The diff above survives my tests.  But the #define IGC_MAX_SCATTER
40 seems like a magic value.  It is nowhere mentioned in the spec.
With MAX_JUMBO_FRAME_SIZE == 9216 and MCLBYTES == 2048 there can
be at most 5 segements.  The diff below also passes my tests.
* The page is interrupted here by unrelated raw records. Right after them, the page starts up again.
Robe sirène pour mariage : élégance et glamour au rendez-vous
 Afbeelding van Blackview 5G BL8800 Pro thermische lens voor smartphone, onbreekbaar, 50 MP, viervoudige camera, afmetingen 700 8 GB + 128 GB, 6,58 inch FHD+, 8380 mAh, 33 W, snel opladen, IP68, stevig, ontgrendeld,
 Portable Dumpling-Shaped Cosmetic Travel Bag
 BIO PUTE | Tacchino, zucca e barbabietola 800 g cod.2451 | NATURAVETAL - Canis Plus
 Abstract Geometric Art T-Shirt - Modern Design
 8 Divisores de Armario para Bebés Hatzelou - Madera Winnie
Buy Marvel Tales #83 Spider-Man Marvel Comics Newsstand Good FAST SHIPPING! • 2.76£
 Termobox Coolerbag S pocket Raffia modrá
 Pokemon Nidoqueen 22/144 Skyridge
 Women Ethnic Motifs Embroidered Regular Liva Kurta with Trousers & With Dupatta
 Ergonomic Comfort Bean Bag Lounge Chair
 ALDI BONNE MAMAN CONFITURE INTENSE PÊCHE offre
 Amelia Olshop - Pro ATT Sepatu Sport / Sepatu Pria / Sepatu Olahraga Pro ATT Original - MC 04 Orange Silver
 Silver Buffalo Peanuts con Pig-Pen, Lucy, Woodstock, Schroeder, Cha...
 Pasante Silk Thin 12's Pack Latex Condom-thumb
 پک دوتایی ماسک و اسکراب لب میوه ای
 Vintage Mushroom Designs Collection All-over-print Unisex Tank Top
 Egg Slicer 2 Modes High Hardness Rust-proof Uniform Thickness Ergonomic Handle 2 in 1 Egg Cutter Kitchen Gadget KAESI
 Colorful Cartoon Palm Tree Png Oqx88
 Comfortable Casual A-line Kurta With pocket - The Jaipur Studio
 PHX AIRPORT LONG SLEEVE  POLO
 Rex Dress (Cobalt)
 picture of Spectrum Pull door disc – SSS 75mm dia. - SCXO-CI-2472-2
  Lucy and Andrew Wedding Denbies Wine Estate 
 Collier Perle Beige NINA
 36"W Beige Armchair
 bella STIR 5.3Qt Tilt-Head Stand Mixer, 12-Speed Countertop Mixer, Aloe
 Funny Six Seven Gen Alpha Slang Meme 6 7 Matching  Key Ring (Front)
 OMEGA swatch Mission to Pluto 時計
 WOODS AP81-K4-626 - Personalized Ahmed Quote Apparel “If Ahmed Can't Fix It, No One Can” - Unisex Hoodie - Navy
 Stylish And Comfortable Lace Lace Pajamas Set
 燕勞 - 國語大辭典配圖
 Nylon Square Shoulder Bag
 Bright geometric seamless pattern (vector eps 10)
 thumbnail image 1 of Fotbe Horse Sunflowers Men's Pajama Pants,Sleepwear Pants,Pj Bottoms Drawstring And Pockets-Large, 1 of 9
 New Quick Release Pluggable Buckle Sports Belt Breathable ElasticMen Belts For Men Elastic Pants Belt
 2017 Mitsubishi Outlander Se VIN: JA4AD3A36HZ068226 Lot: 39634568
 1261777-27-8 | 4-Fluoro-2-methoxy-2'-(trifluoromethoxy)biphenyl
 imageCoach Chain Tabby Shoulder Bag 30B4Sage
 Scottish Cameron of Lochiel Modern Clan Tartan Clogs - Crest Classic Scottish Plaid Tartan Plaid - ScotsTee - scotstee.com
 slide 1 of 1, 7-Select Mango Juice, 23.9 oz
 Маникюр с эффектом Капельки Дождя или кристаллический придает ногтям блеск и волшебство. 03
Is the more specific value IGC_MAX_GATHER == 5 better?
Or could the hardware try to create larger frames?

bluhm

Index: dev/pci/if_igc.c
===================================================================
RCS file: /data/mirror/openbsd/cvs/src/sys/dev/pci/if_igc.c,v
diff -u -p -r1.25 if_igc.c
--- dev/pci/if_igc.c	24 May 2024 06:02:53 -0000	1.25
+++ dev/pci/if_igc.c	6 Aug 2024 08:36:31 -0000
@@ -881,7 +881,7 @@ igc_init(void *arg)
 	}
 	igc_initialize_transmit_unit(sc);
 
-	sc->rx_mbuf_sz = MCLBYTES + ETHER_ALIGN;
+	sc->rx_mbuf_sz = MCLBYTES;
 	/* Prepare receive descriptors and buffers. */
 	if (igc_setup_receive_structures(sc)) {
 		printf("%s: Could not setup receive structures\n",
@@ -2159,7 +2159,7 @@ igc_allocate_receive_buffers(struct igc_
 	rxbuf = rxr->rx_buffers;
 	for (i = 0; i < sc->num_rx_desc; i++, rxbuf++) {
 		error = bus_dmamap_create(rxr->rxdma.dma_tag,
-		    MAX_JUMBO_FRAME_SIZE, 1, MAX_JUMBO_FRAME_SIZE, 0,
+		    MAX_JUMBO_FRAME_SIZE, IGC_MAX_GATHER, MCLBYTES, 0,
 		    BUS_DMA_NOWAIT, &rxbuf->map);
 		if (error) {
 			printf("%s: Unable to create RX DMA map\n",
Index: dev/pci/if_igc.h
===================================================================
RCS file: /data/mirror/openbsd/cvs/src/sys/dev/pci/if_igc.h,v
diff -u -p -r1.4 if_igc.h
--- dev/pci/if_igc.h	21 May 2024 11:19:39 -0000	1.4
+++ dev/pci/if_igc.h	6 Aug 2024 08:34:42 -0000
@@ -191,6 +191,7 @@
 #define roundup2(size, unit)	(((size) + (unit) - 1) & ~((unit) - 1))
 #define msec_delay(x)		DELAY(1000 * (x))
 
+#define IGC_MAX_GATHER		5
 #define IGC_MAX_SCATTER		40
 #define IGC_TSO_SIZE		65535